According to the report, last week, eight migrants from countries such as Cuba, Sudan and Vietnam were deported to South Sudan, a nation mired in civil conflict. U.S. officials reportedly pressured five African countries - Liberia, Senegal, Guinea-Bissau, Mauritania and Gabon - to accept deportees from other regions, such as Latin America and Southeast Asia.
Migrant advocates point out that most of the detainees at risk under this policy have no criminal record and many have pending asylum applications or other legal avenues available; however, they are being deported before their cases are even heard.

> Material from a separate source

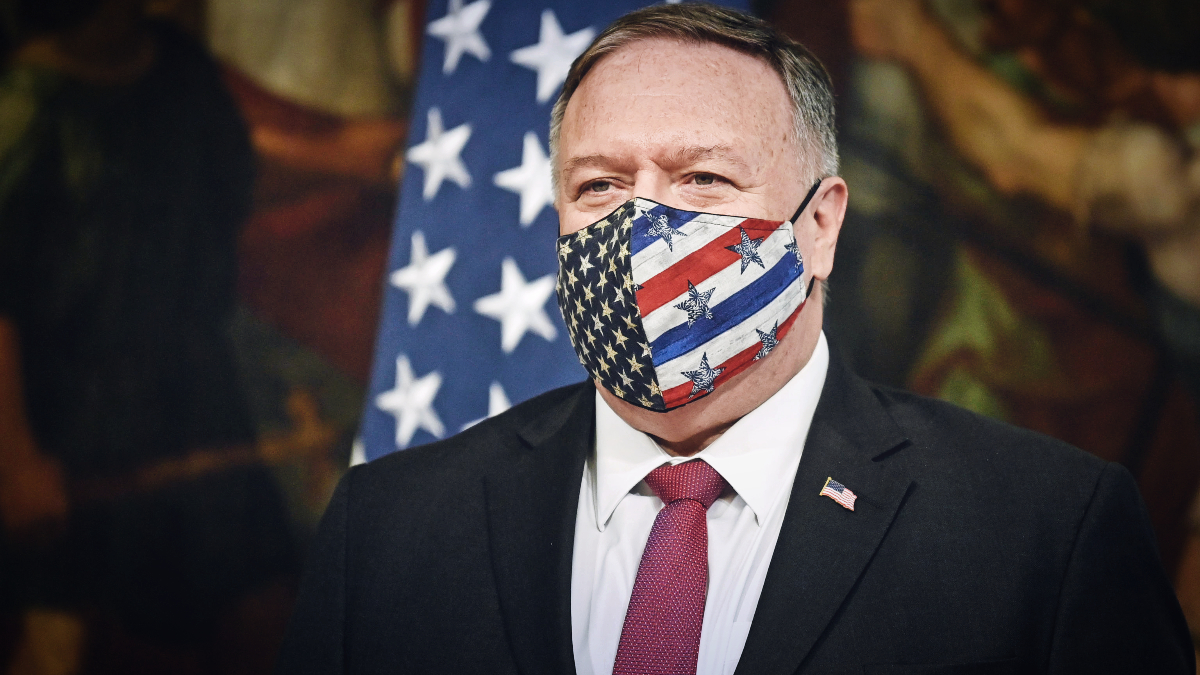 Pompeo poručio Talijanima da ne produbljuju odnose s Kinom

But from the panic and pain of forced separation from families and home, they go to total helplessness, in unfamiliar countries, with no relatives and no idea where to go.
Many are reportedly being sent to remote areas of Mexico, despite not being Mexican citizens, and without resources to survive. They are bused to remote border areas, given a temporary 15-day permit and left there; no money, no shelter, no plan.
This is a new chapter in the sum of neo-fascist modalities of the Government of the worst, headed by Trump and by the Secretary of State, Marco Rubio, promoters of concentration camps for migrants in military bases, of macabre prisons in El Salvador -exclusively for Venezuelans-, of more than 200 prisons or immigration detention centers in the United States, many of them lucrative and questionable private businesses, and of a new Alcatraz prison, surrounded by crocodiles and political alligators west of the modern and intimidating city of Miami.